QUESTION: In your preparations to make this announcement, did you go back and look and -- I remember discussing this a couple weeks ago here, very, much more generally. But do you remember when that was, or did you look and see when that was that you talked about this program?
MR. BOUCHER: I did not look at our previous discussions.
QUESTION: You do remember that though, right?

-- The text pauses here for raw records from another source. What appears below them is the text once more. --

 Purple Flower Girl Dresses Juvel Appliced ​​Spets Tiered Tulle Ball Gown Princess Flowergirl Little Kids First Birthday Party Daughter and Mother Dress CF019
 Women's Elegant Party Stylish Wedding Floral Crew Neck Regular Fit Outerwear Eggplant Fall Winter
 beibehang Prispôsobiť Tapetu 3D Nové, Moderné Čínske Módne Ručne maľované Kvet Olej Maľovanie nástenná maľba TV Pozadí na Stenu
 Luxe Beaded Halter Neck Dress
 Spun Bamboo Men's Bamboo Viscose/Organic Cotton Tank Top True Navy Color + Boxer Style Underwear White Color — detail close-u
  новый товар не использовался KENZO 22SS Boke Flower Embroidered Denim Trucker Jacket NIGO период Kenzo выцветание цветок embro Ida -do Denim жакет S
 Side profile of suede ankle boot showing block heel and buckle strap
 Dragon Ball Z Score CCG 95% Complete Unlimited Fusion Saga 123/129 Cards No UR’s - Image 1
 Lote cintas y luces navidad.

MR. BOUCHER: I remember the subject's come up from time to time. I think now we have something concrete and specific to announce.
QUESTION: Can we move on?
MR. BOUCHER: No.
MR. BOUCHER: Okay.
QUESTION: Richard, do you have any comments on the Iranian signing --
MR. BOUCHER: That's called moving on. Let's finish with this first. Sir.
QUESTION: Just a quick one. Did you say or did I miss the potential number of participants?
MR. BOUCHER: Hundreds. There are scientists but this would also involve technicians, so it may involve a somewhat larger community than just the experts who might have been interviewed in the past by the UN. So it's hard to estimate the exact number but there would be hundreds, maybe what one might call the high hundreds.
QUESTION: A number of those scientists are self-proclaimed Baathists. Not all Baathists are supportive of Saddam Hussein, that's a fact. Is this going to be overlooked in the future, the membership in the, or previous membership in the Baath Party? Is it going to be overlooked in the efforts to having those scientists or other Iraqis involved in the new Iraq?
MR. BOUCHER: I think we've had this question several times already. You've asked it more directly than anybody else. But I am not at this point able to give you sort of the qualifications and the disqualifications, other than to say that we're looking for people who really were involved in these programs and who want to contribute to the future of Iraq.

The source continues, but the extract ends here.